If this is your first rodeo though, what can you do to ensure you are asking your playtesters the proper questions that will ultimately improve your indie game better than ever? You should be able to think of appropriate questions yourself, yet if you want a bit of a road map (or should I say, questions map) you can follow to ensure you are asking your playtesters the proper questions, keep reading. Below you will find appropriate questions to ask your playtesters as you strive to help them to help you to improve your indie game.
‘How much time do you think has passed?’
Have you ever played a game that seemed to last far longer than you actually played it? These games are not fun, are they? On the other hand, have you ever played a game that seemed to just suck the time away? You had fun with these games, didn’t you? The best games are ‘time sucks,’ and if players find your game to be a ‘time suck,’ then you are off to a great start.
Ask them the question above. It’s a different ways of asking players if they had fun, yet by asking them how much time they believed they were playing, this will provide them with a more accurate answer than merely asking them, “did you have fun?” Record how much time the players were playing your game, and if they feel as if the game flew by, again, you’re on the right track.
If they feel as if time passed much more slowly than it actually did? Your indie game needs to be tweaked. Perhaps a part of the game was frustrating or awkward. Figure it out, but know this: if time didn’t speed by the player when they were playing your game, you have some problems to fix.
‘Would you buy this game for a friend? Why or why not?’
Suppose a playtester is testing your platformer, yet they play more RPGs than platformers. They don’t hate platformers, they just don’t care for them that much. As a result, it doesn’t matter how awesome your platformer actually is – the playtester probably would probably never buy your indie game. Thus, if you ask them the obvious question of, ‘would you buy this game?’ they are probably going to say no.
How can you get a more accurate representation of whether or not your playtesters actually enjoyed the game? Ask them if they would consider buying the game for a friend. Chances are they know of at least one friend that enjoys your indie game’s genre, and if they do (and your indie game is good), they are probably going to answer your question with a resounding ‘yes.’
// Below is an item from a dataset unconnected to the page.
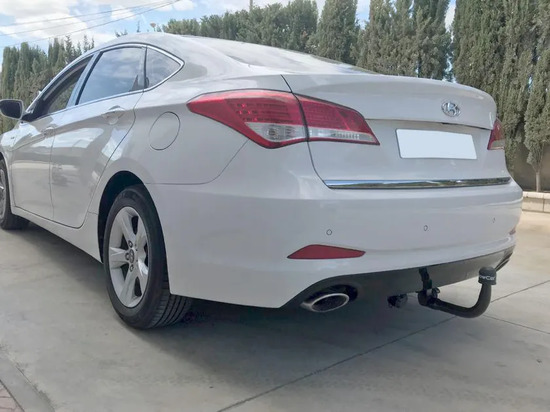 Фаркоп Aragon (быстросъемный крюк, вертикальное крепление) для Hyundai i40 CrossWagon универсал 2011-2019. Артикул E2518AV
If playtesters see your indie game as ‘gift worthy,’ this is great news. It means they see quality in your indie game, and if some of them say ‘no,’ they are going to be able to explain why to you in the second part of the question. It’s another solid way to gauge how ready for prime time your indie game currently is.
‘Walk me through the strategy of play’
This question is invaluable. By instructing your players to tell you exactly how they went from point A to point B, C, ZZ, and beyond, you can identify their strategy of play. This allows you to not only see the strategies of each playtester (a valuable insight to have when improving your indie game), but it also allows you to discover any bumps in the road they may have – thus allowing you to improve your indie game even further.
‘Name a game you have played that is similar to this one’
Why does this question matter? Because you can borrow a little bit of inspiration from the games that are being named by your playtesters. You can study some of the things those games did correctly and what they failed at, thus allowing you to improve your game even further. It’s good data to have, and will improve your game better than ever before.